Back in September I was lucky enough to travel to beautiful Kraków in Poland to talk about data science and IoT-ish stuff at DevDay16.
My talk was titled 'A Homespun Decentralised DIY Data Science Research Pipeline for the Internet of *Your* Things' (quite a mouthful!), and it basically relates my adventures in the last year, trying to move from a software development background into a more data science oriented view of the world. I also rant about privacy for quite a while.
These are the slides and recording of the talk:
The conference was fantastic, flawlessly organised, and they treat speakers incredible well.
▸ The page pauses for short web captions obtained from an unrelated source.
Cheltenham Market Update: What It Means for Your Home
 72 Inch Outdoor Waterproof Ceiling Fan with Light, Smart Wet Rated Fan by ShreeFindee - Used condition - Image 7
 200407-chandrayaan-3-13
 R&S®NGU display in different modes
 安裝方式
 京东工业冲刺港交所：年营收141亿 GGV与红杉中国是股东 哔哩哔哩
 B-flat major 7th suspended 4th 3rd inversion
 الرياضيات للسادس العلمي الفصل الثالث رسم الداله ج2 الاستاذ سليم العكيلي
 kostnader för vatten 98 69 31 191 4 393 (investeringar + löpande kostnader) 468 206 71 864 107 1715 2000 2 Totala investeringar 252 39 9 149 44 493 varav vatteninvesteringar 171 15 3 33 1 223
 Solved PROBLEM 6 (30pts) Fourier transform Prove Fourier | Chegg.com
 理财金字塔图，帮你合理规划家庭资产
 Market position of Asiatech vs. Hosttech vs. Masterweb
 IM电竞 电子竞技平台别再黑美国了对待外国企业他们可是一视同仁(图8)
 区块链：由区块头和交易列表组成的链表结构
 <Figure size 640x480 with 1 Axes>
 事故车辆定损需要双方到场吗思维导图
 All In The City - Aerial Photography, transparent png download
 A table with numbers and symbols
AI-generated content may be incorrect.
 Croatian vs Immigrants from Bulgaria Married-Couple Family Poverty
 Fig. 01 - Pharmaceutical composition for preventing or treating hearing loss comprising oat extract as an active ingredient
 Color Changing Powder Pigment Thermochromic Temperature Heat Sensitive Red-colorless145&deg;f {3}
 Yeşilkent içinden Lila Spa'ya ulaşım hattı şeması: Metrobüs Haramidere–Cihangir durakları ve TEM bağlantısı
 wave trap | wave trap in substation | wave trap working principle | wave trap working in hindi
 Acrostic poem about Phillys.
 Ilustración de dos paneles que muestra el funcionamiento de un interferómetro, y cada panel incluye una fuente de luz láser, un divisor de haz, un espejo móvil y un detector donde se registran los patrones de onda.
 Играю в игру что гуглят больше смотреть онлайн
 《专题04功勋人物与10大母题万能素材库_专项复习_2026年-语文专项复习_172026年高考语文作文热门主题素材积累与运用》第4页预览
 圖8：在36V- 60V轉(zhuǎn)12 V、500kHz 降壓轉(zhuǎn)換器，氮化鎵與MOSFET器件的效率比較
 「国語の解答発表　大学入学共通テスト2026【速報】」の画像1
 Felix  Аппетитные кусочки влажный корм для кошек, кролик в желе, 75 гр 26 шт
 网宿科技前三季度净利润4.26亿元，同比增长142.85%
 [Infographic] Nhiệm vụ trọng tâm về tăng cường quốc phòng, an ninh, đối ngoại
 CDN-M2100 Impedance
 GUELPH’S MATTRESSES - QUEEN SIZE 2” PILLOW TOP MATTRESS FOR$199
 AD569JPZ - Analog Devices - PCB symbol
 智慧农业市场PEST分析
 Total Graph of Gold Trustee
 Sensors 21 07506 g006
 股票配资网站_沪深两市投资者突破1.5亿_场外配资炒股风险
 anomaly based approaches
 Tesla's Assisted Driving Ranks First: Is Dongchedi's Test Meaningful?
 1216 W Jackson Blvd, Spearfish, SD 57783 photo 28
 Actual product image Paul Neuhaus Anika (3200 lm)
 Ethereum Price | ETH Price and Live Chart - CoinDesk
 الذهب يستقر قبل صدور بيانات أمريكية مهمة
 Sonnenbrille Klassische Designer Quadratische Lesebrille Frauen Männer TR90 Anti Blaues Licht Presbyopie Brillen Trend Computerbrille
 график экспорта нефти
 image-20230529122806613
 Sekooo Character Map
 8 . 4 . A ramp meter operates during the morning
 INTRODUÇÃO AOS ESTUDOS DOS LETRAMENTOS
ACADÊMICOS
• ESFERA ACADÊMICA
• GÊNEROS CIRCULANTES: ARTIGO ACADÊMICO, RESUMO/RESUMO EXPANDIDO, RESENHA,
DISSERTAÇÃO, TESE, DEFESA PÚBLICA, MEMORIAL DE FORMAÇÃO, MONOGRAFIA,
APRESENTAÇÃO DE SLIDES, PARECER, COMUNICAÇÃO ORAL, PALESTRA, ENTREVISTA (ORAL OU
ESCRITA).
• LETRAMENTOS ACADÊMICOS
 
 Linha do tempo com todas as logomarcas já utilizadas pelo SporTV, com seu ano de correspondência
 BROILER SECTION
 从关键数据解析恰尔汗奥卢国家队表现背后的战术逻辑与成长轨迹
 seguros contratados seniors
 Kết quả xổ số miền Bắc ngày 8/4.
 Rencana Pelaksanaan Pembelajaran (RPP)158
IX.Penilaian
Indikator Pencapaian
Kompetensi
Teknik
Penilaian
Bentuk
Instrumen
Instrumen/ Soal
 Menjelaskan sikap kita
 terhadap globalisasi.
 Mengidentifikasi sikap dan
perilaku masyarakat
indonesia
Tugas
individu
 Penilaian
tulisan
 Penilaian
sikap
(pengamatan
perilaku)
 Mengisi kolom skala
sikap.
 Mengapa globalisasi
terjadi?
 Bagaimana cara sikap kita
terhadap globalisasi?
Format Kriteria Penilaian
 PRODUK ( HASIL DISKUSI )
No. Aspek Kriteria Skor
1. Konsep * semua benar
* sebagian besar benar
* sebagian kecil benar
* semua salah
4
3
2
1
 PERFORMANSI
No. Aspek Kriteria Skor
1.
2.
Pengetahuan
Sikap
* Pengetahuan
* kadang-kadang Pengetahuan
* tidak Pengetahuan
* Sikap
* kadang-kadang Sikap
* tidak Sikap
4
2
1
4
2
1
You should definitely consider their CFP next year!
In October I got the chance to present at the Mobile!16 workshop at SPLASH in Amsterdam. My paper is about requirements for mobile health applications, with an End User Development flavour to it, provided by App Inventor. The paper can be found here, and the slides are:
Finally in November I gave another talk at the PyCon Ireland conference, this time about image classification in Python. During the summer a group of people helped me collect pictures of food, with a view to figure out some way of classifying the contents. There are a few companies out there such as Clarifai and Indico that do a pretty good job at classification and tagging of images (Google and Microsoft also have very good vision products, but I didn't want to go down that path). Their APIs are pretty nice and easy to use, but I wanted to figure out if I could locally reproduce at least some of the results they provide. My first attempt was to do classification with a technique called 'bag of features', which I must say, didn't work incredible well in complicated pictures such as food. After that I followed today's trend of using deep learning (everybody is at it!), more concretely using TensorFlow to retrain the Inception model that Google made available at some point last year. Results, as you can imagine, are much better, even if I can't really explain any of the math behind it!
The title of the talk was 'Introduction to Image Classification in Python: from APIs to Neural Networks', and here you can find my slides (recordings are not available yet):
Oh, and I also got a chance to finally go to the Mozilla Festival in October. We run a session about Paper Badger, but I'll tell you all about it in a different post!